In a post on Quora, Viswanathan explains that Microsoft tried to compete with Apple, despite the fact that the latter was 100 percent focused on the iPhone, while Redmond worked on several other key products at the same time, including Windows and Office.

“Apple put most of its energy on iPhone, while phone was just among the 40 things Microsoft did. For a long time, phone division didn't even come into the top 5 priorities for Microsoft [with a lion's share of attention going to Windows, Office, Online Services and Servers - for obvious reasons]. This was not wrong, but that is the reality,” he writes.

Against Android, Microsoft had to face a wide array of services that were not available on Windows Phone, and this was pretty hard, he explains, because “Microsoft’s comparative services significantly lag those of Google’s.”

Microsoft had two of the toughest rivals in the world

“In short, Windows phone had to compete with two of the best tech companies in the world - one that put phones at its #1 priority and the other expertly leveraging open source community.
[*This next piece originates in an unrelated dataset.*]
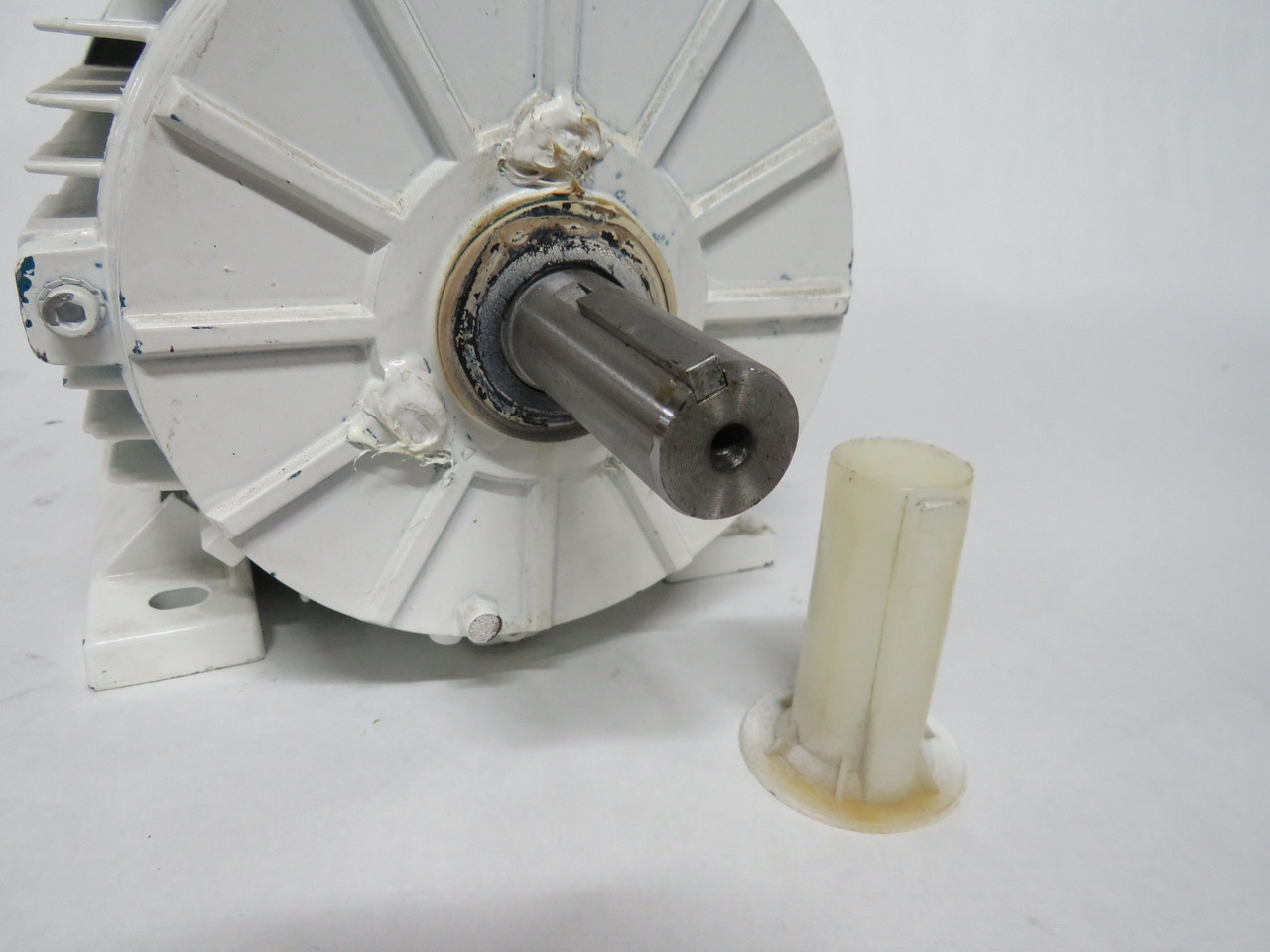 Brook Crompton 1HP 1145RPM 575V 145T TEFC 3Ph 1.30A 60Hz USED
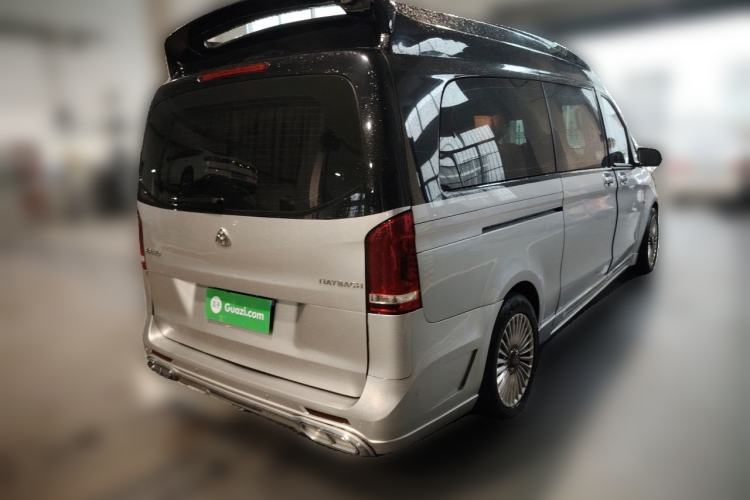 Used Mercedes-Benz V-Class  Rear Right 45 Deg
It was a fool's errand. It is crazy for Microsoft to compete in phones or online services when its real strength is in the enterprise.”

Microsoft seems to have acknowledged this too, so the company is working to overhaul its mobile strategy, while remaining focused on all the other products.

In the long term, Microsoft will launch around six new phone models every year, as it’ll focus on just three categories, namely value phones, business devices, and flagships. Market share in mobile will be less important, as Microsoft is betting on Windows as a whole platform that’s available on all devices, and not just on Windows for phones, and this should help the company remain relevant in the smartphone business.